Defended my MS thesis. Title - "Towards safe and efficient offline reinforcement learning - learning safety constraints and expressive policies via generative modeling"
Abstract:
Offline reinforcement learning (RL) presents a particularly challenging setting due to the lack of active environment interaction, making it critical to learn from static datasets in a way that both respects safety constraints and captures complex action distributions. This thesis investigates algorithmic advancements in offline reinforcement learning (RL) with a focus on (a) ensuring policy safety under uncertainty and (b) enhancing the expressiveness and efficiency of learned behaviors.
The first part of the thesis introduces a Latent Safety-Constrained Policy framework for safe offline RL. We address the inherent trade-off between safety enforcement and reward maximization by learning a latent representation of safety constraints using a Conditional Variational Autoencoder (CVAE). The learned latent space allows us to decouple safety modeling from reward learning. We then formulate a constrained reward-return maximization problem in this latent space, optimizing a policy via reward-weighted advantage regression that remains compliant with inferred safety boundaries. The proposed approach is grounded in theoretical analysis, including performance bounds and sample complexity estimates, and empirically validated on benchmark tasks, including high-risk autonomous driving scenarios. Results demonstrate significant improvements in both safety compliance and cumulative reward compared to existing baselines.

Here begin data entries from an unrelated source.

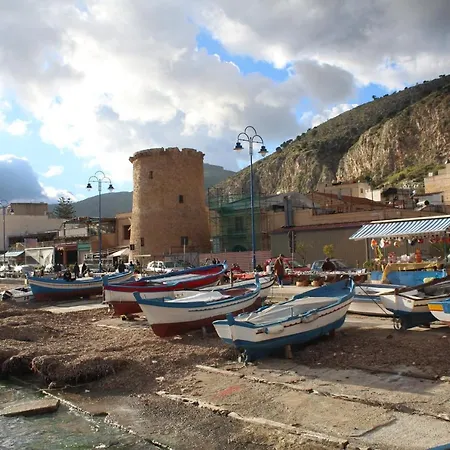 Sixty One * Palermo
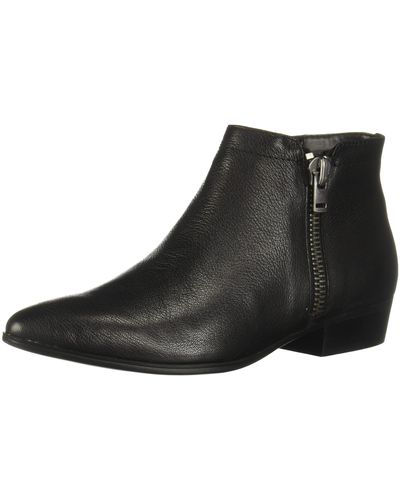 naturalizer boots on sale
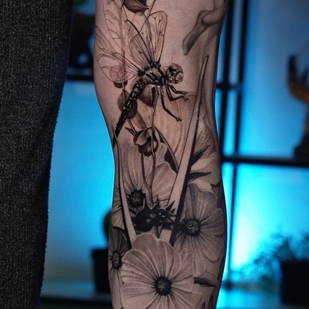 Weiblich Schwarz Realismus tattoo auf Bein #104443 | Tattoo Artist Nik Friday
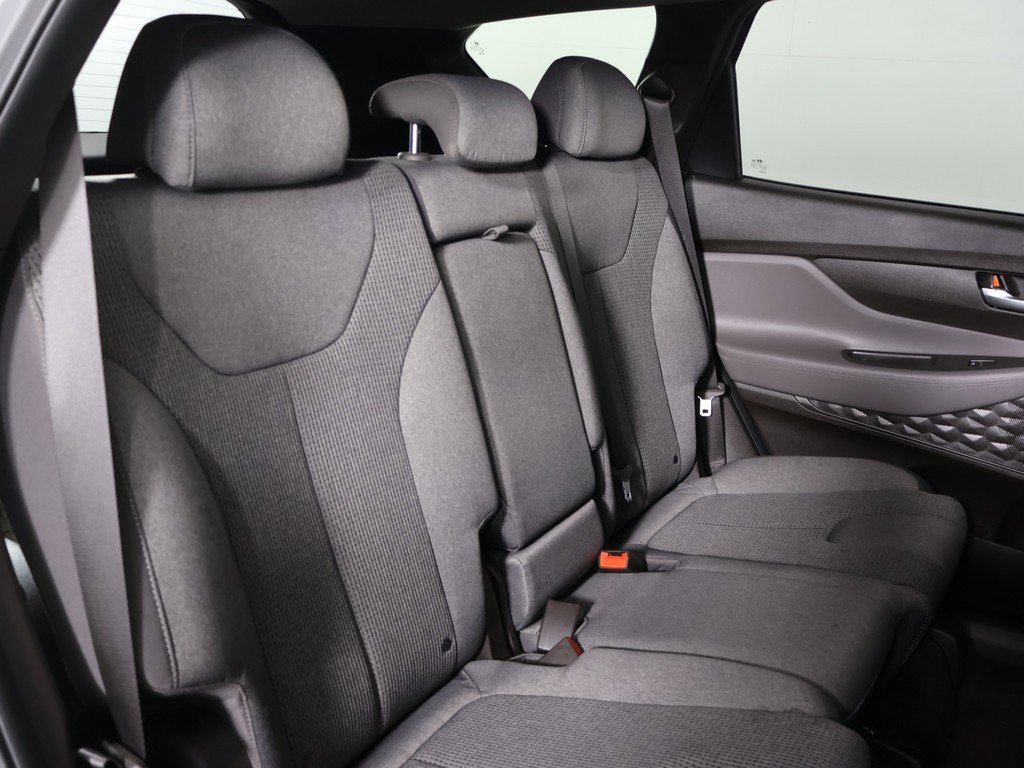 Used 2020 Hyundai Santa Fe SE image 26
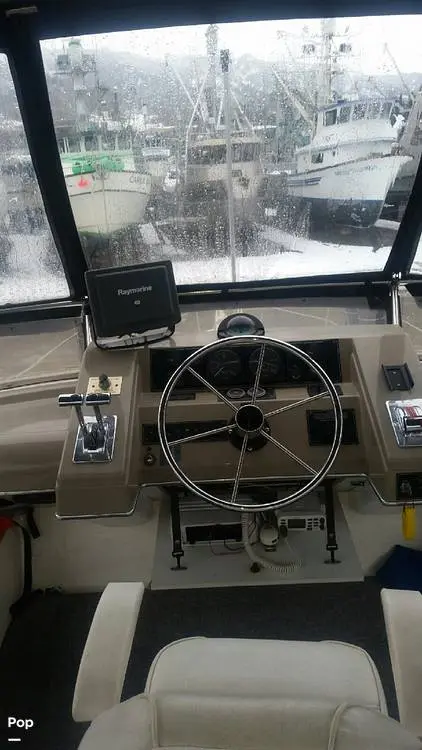 1995 Bayliner 4587 cockpit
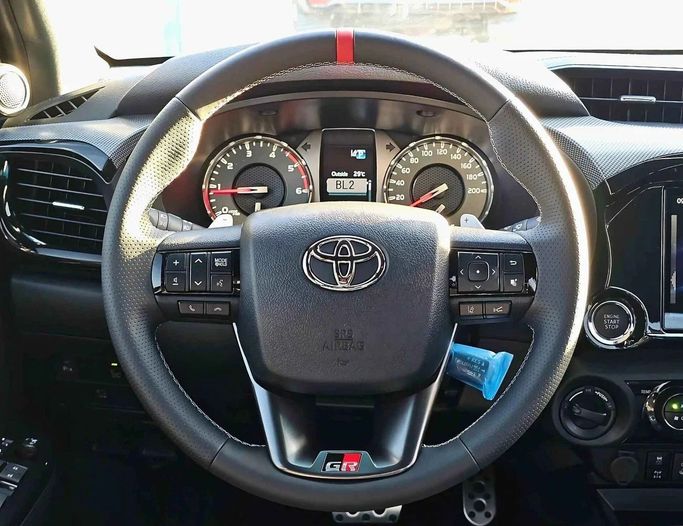 Новый Toyota Hilux VIII Рестайлинг 2, 2.8 л, 2024 в Дубае от SK Motors Черный цвет. GCC | AUTO.AE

The second part of the thesis addresses the high inference cost and training instability of iterative generative policies, such as diffusion models, in offline RL. We propose the Single-Step Completion Policy (SSCP), a novel generative actor trained via an augmented flow-matching objective that directly predicts the action completion vector from intermediate flow states. SSCP eliminates the need for multistep sampling or long backpropagation chains, achieving one-shot action generation without sacrificing expressiveness. Integrated within an off-policy actor-critic framework, SSCP scales to both offline and offline-to-online RL settings. Further, this idea can be extended to goal-conditioned scenarios to exploit subgoal structures in long-horizon tasks without hierarchical decomposition. Experimental results across standard offline RL and behavior cloning benchmarks highlight SSCP’s strong performance, fast inference, and policy flexibility.
Collectively, these contributions offer scalable solutions to critical challenges in offline RL by enabling safe, efficient, and expressive policy learning. The methods developed in this thesis lay the foundations for the deployment of RL agents in real-world applications with resources and safety constraints.